# What to do
I need every line from the start of the material below up to and including the line containing "Let us see the", restated exactly, with the pictures omitted.

# Available data
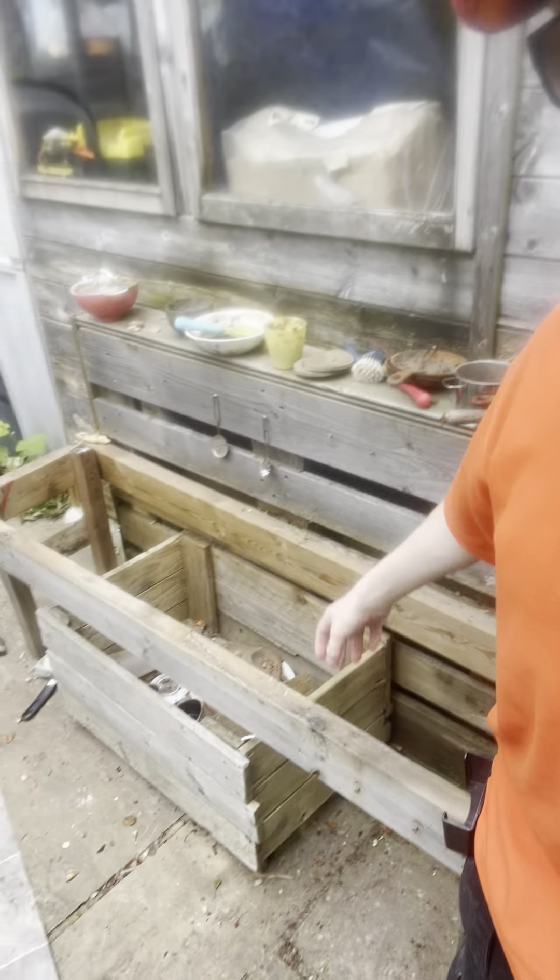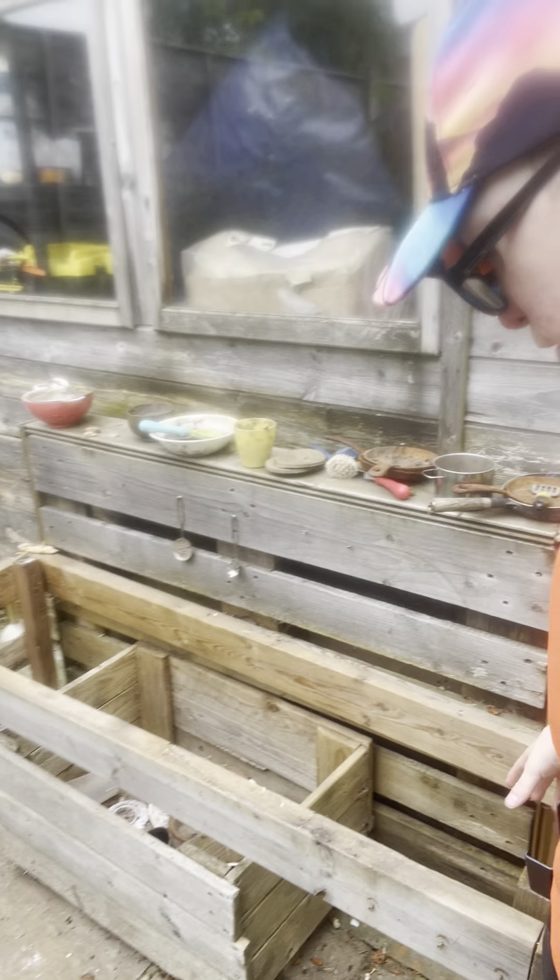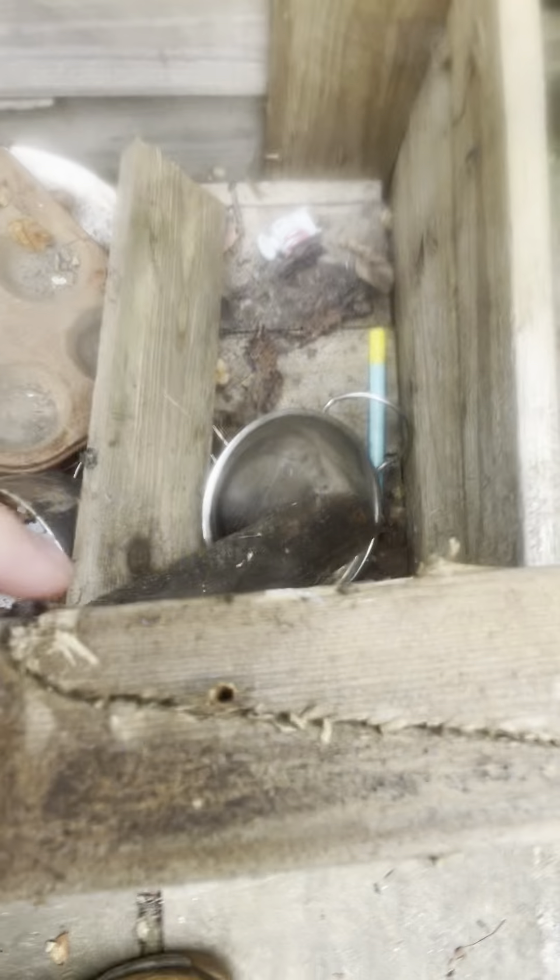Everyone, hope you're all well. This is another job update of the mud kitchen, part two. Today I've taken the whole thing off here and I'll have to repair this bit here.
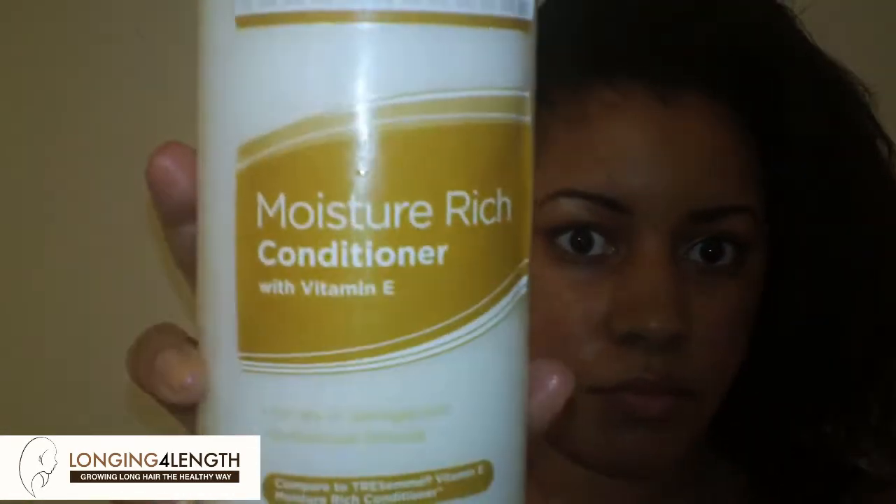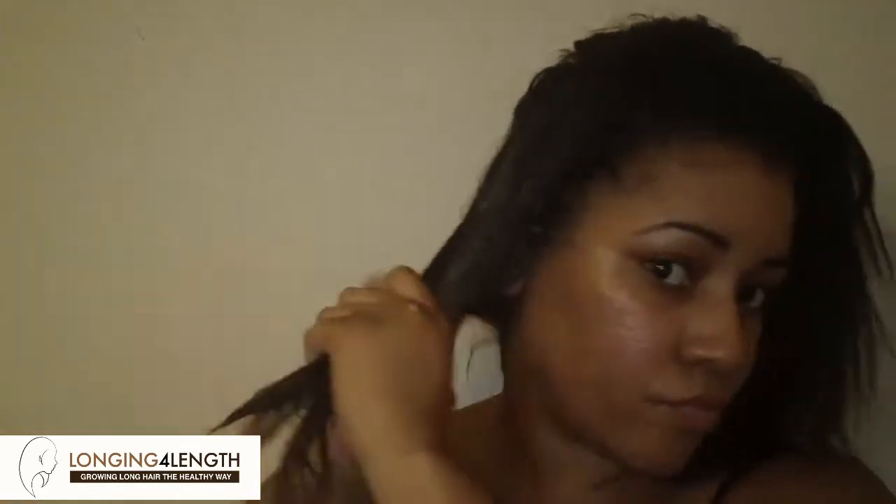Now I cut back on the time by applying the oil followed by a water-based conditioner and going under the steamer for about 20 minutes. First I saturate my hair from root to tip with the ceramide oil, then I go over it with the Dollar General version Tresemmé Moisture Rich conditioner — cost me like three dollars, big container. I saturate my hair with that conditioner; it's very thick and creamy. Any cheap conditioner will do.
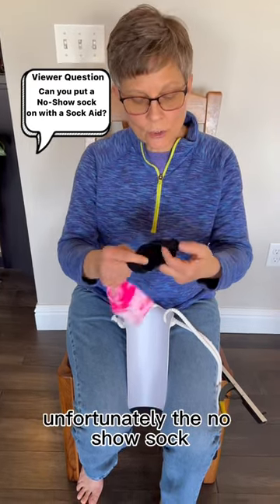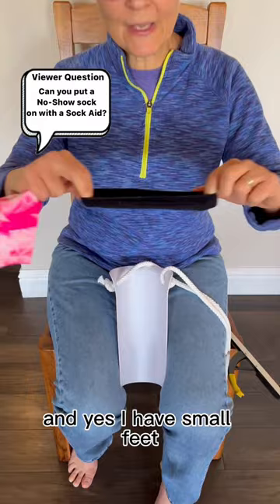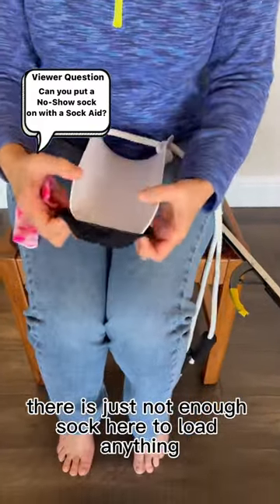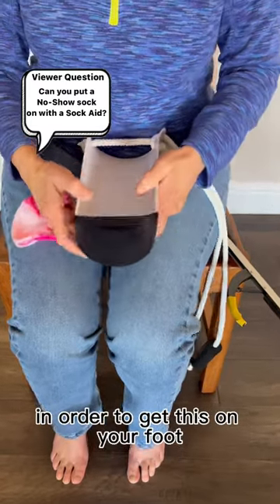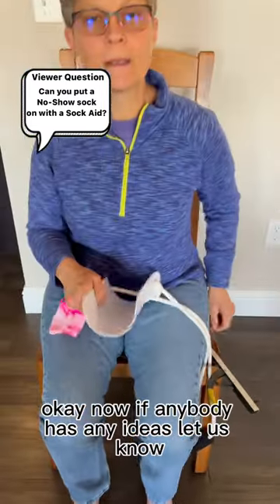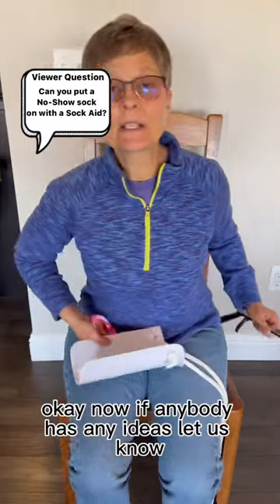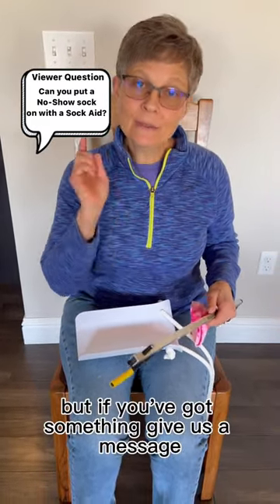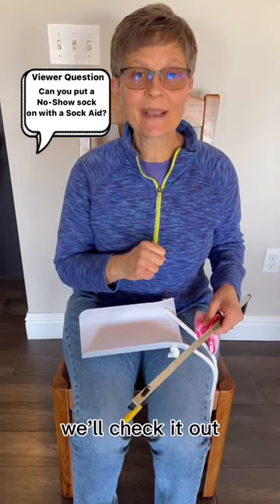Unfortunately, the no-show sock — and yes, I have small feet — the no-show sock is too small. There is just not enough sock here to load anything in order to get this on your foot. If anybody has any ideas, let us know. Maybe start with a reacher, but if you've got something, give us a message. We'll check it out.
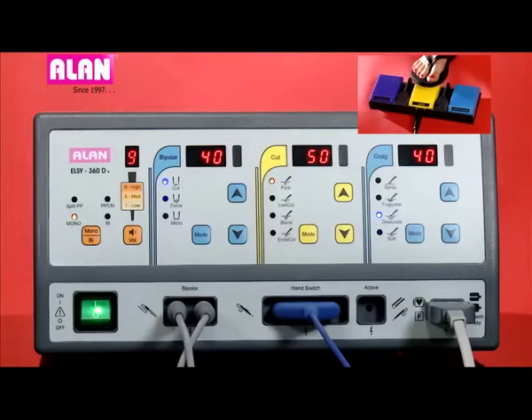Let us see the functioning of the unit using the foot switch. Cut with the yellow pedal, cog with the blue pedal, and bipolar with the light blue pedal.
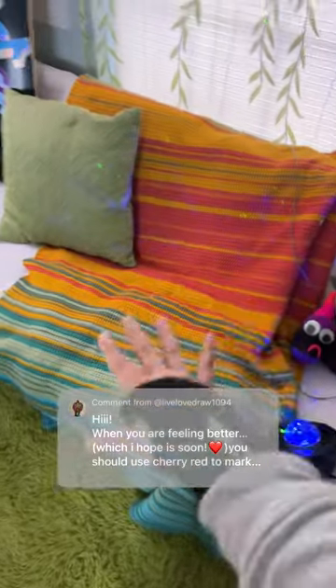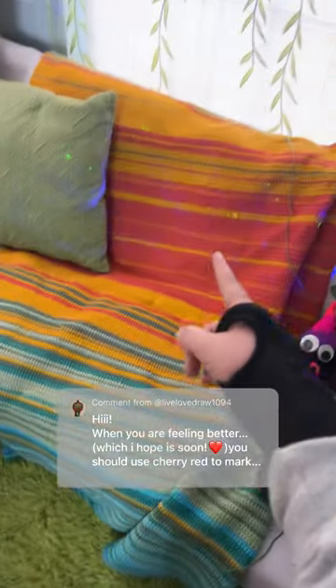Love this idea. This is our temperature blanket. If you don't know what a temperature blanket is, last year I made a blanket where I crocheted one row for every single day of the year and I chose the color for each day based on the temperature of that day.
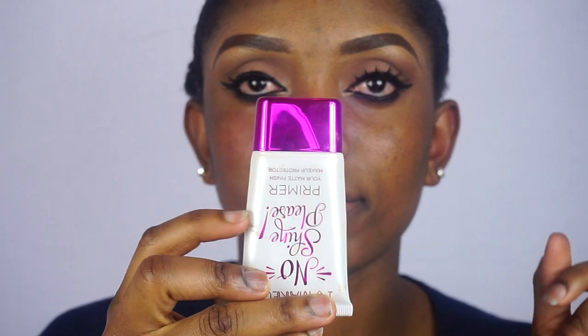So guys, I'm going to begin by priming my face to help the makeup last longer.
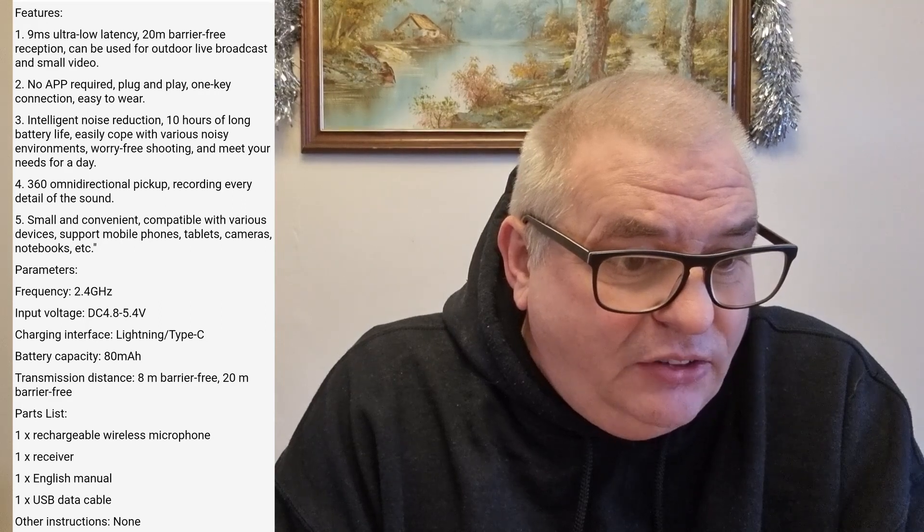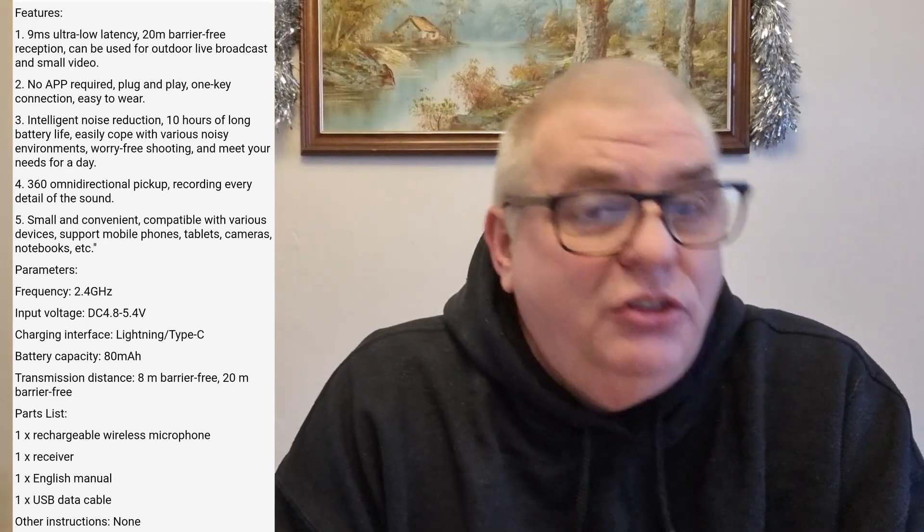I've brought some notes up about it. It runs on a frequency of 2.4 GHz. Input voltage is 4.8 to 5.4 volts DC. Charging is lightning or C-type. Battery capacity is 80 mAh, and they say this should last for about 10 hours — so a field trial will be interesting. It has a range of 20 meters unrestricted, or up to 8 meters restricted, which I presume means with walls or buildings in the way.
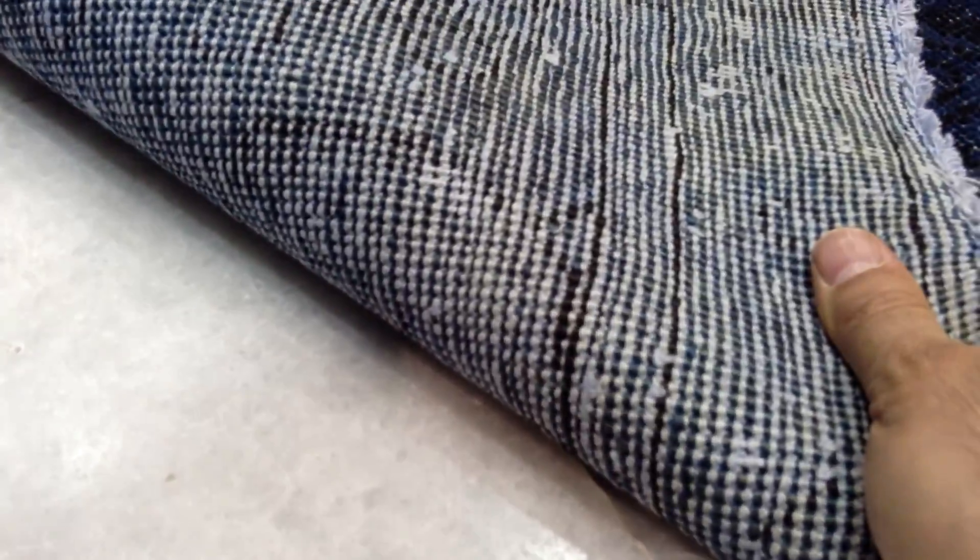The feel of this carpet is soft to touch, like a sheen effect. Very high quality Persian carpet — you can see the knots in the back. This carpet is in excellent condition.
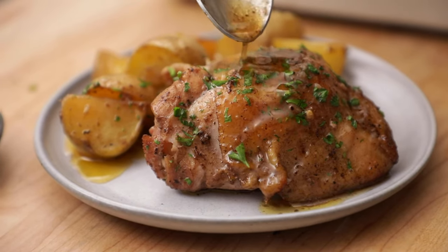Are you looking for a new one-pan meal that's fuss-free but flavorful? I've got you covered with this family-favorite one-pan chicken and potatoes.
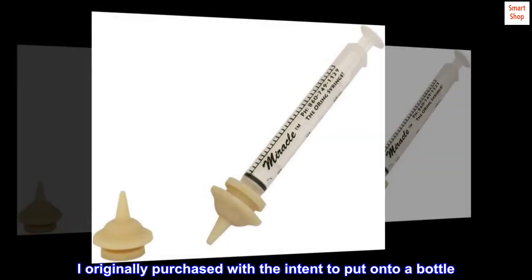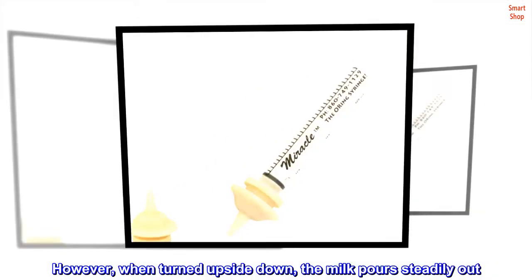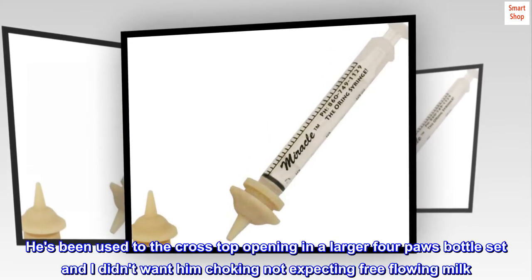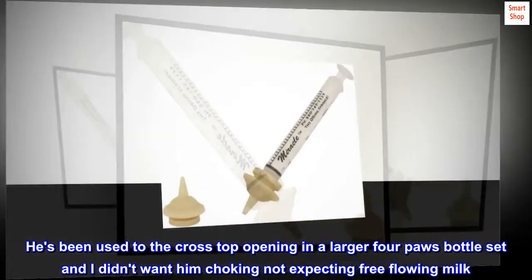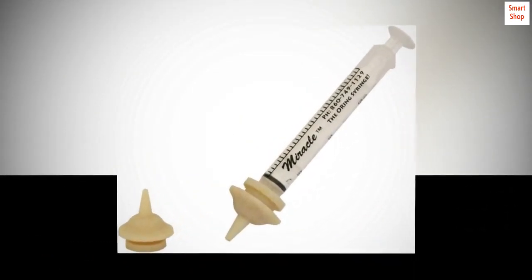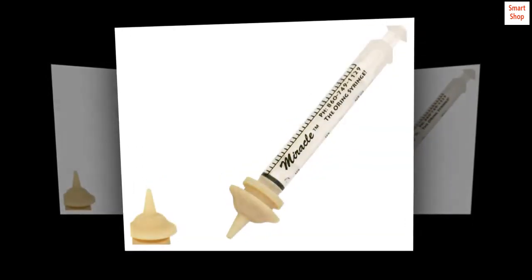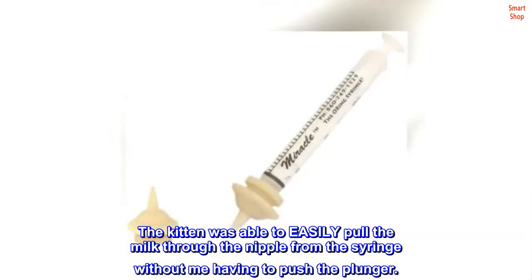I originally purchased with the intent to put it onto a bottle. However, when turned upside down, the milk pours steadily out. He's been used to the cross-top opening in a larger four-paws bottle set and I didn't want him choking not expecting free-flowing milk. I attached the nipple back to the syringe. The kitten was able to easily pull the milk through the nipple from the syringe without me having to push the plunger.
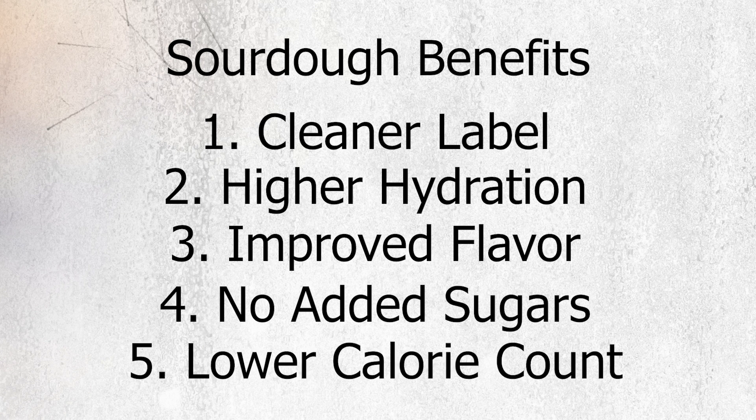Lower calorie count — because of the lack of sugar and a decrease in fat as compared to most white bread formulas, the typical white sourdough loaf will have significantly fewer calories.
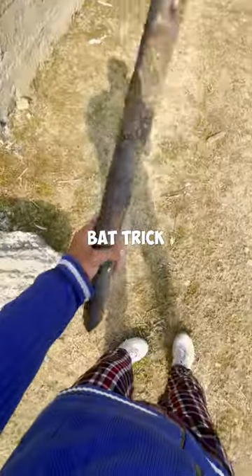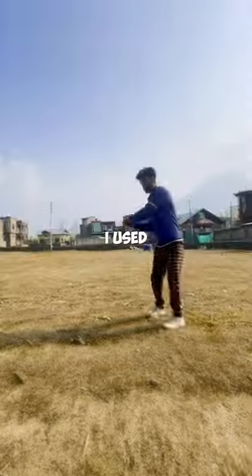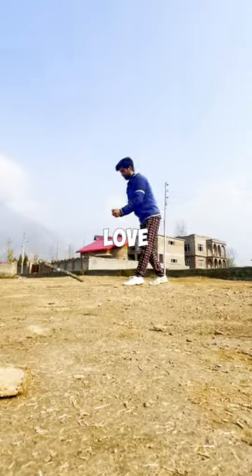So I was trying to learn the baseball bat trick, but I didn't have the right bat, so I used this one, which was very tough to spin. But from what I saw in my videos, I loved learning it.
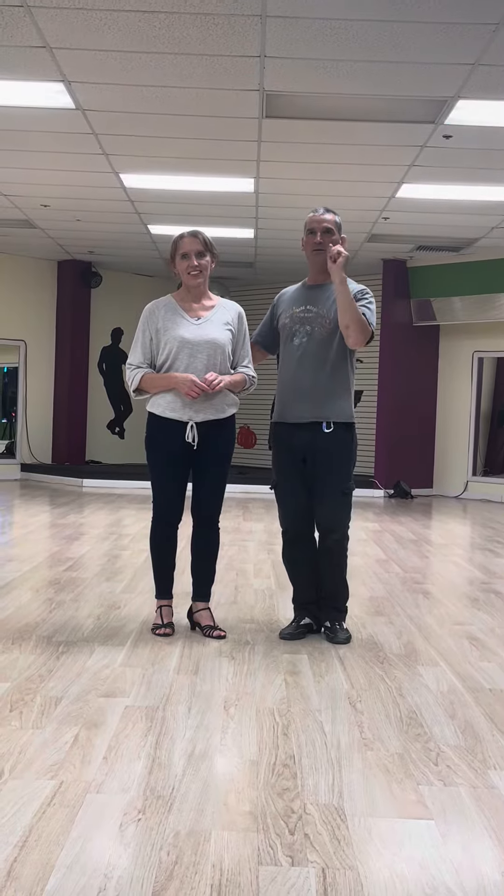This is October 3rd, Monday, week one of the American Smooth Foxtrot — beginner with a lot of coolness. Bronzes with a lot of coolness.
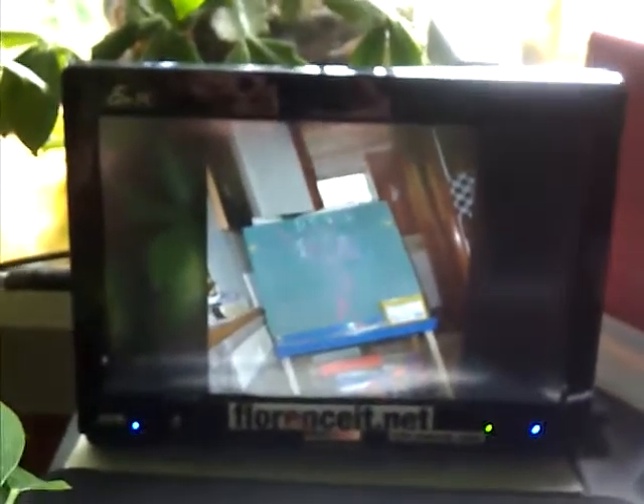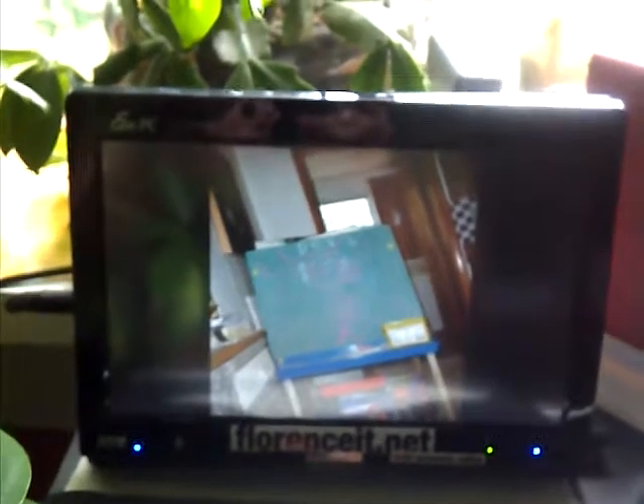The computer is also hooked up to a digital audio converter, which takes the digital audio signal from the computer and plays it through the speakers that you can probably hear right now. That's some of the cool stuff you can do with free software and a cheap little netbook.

# Solution to the problem
Everyone, hope you're all well. This is another job update of the mud kitchen, part two. Today I've taken the whole thing off here and I'll have to repair this bit here.
Now I cut back on the time by applying the oil followed by a water-based conditioner and going under the steamer for about 20 minutes. First I saturate my hair from root to tip with the ceramide oil, then I go over it with the Dollar General version Tresemmé Moisture Rich conditioner — cost me like three dollars, big container. I saturate my hair with that conditioner; it's very thick and creamy. Any cheap conditioner will do.
Unfortunately, the no-show sock — and yes, I have small feet — the no-show sock is too small. There is just not enough sock here to load anything in order to get this on your foot. If anybody has any ideas, let us know. Maybe start with a reacher, but if you've got something, give us a message. We'll check it out.
Let us see the functioning of the unit using the foot switch. Cut with the yellow pedal, cog with the blue pedal, and bipolar with the light blue pedal.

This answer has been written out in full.